Consta ainda que “analisando o extenso rol de documentos anexado aos autos, incluindo a prova testemunhal nele produzida, a par de qualquer discussão sobre a legalidade ou não desse movimento paredista, assim como sem querer adentrar nos aspectos relacionados aos incontestáveis prejuízos daquele advindos, observa-se que a pretensão ministerial esbarra em um dos pressupostos da responsabilidade civil, haja vista a não demonstração de indícios probatórios suficientes que possam comprovar a conduta voluntária e consciente das associações-rés no sentido de promover/coordenar/patrocinar e ou, até mesmo, apenas incentivar, a ‘greve dos militares”.
A sentença também afirma que “contrariamente do que sustenta o órgão ministerial, assistido pela União, a conclusão a que se chega é que, ainda que pareça estranho – e, de fato, o é – admitir que um pequeno grupo de mulheres/familiares tenha tido o poder de impedir a saída dos militares, ditos como ‘aquartelados’, dos seus próprios batalhões, fazendo eclodir uma das mais graves crises de segurança pública identificadas na história do Estado do Espírito Santo, por outro lado, não se pode quer imputar o ocorrido a postura e/ou a conduta adotada pelas associações demandadas. Não há nexo de causalidade entre a greve em si e a atuação das associações”.

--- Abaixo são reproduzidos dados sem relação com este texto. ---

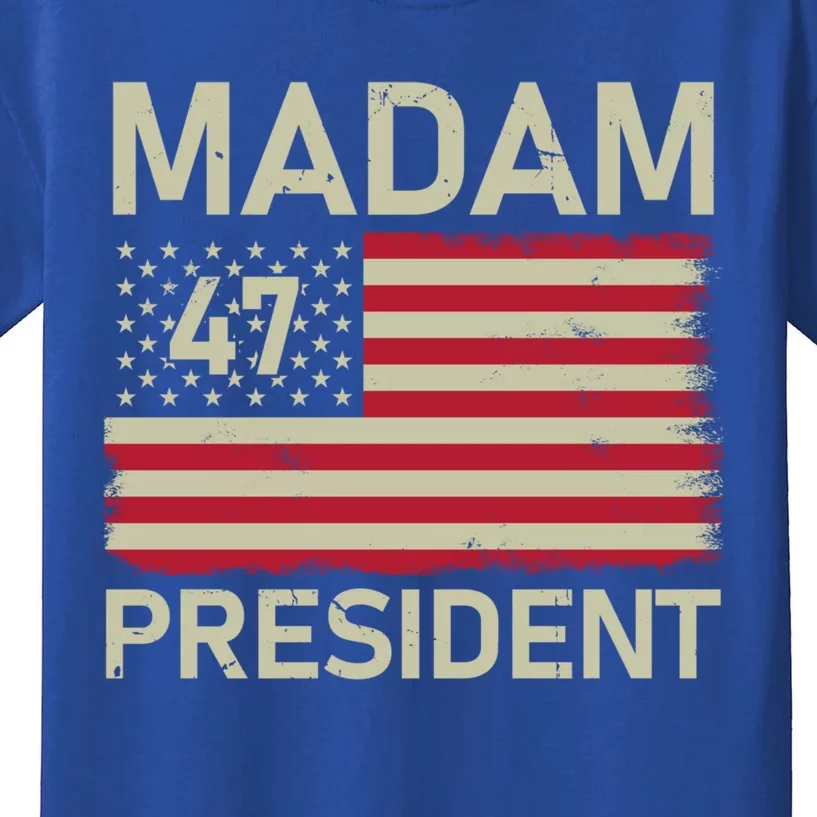 Madam President 47 Us Flag Kamala Harris 2024 Great Gift Kids T-Shirt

Segundo a 5ª Vara Federal Cível de Vitória, investigações feitas pelo MPF apontam que “a deflagração desse movimento paredista teve como fator determinante a atuação conjunta de alguns policias militares, tidos como ‘líderes’, que agiram de forma coordenada e articulada com um grupo de familiares, em sua maioria esposas desses militares, sendo que seus interesses, durante toda a crise, foram representados por uma ‘Comissão de Negociação’, que atuou como uma espécie de órgão gestor do movimento”.
Ainda de acordo com a sentença, mesmo que algumas das pessoas apontadas como líderes ocupassem cargos de dirigente nas associações denunciadas, “não se comprovou que eles teriam agido nessa condição (de dirigentes/representantes das associações) e/ou em nome dessas Associações. Pelo contrário, a prova constituída nos autos demonstrou, a todo tempo, que eles estariam agindo de forma individual – e não em nome dessas associações -, com o intuito de autopromoção política”.
Operação capixaba
A ação realizada no Estado, denominada Operação Capixaba, contou com o efetivo de 3.169 militares das Forças Armadas, quatro aeronaves, 227 viaturas e sete blindados. Foram realizadas 260 horas de voo, com 1, 5 mil patrulhas, 38 operações, 11,5 mil abordagens e 108 prisões. A Força Nacional de Segurança Pública (FNSP) veio para o Espírito Santo durante o início da greve e, atendendo à solicitação do governo, permaneceu até o final de abril. Seu efetivo chegou a 300 profissionais.
Arquivamento
Apesar de terem sido investigadas, não foram recolhidas provas que confirmassem a responsabilidade na organização do movimento das seguintes entidades: Associação dos Subtenentes e Sargentos da Polícia e Bombeiro Militar do Espírito Santo (Asses); Associação dos Bombeiros Militares do Espírito Santo (Abmes); Clube dos Oficiais – Associação dos Oficiais Militares do Espírito Santo (Assomes); Associação de Saúde dos Policiais e Bombeiros Militares do Espírito Santo (ASPBMES); e da Associação Nacional de Apoio aos Servidores Públicos Aposentados e Pensionistas (Anasp). Portanto, o MPF arquivou o inquérito civil que citava essas entidades.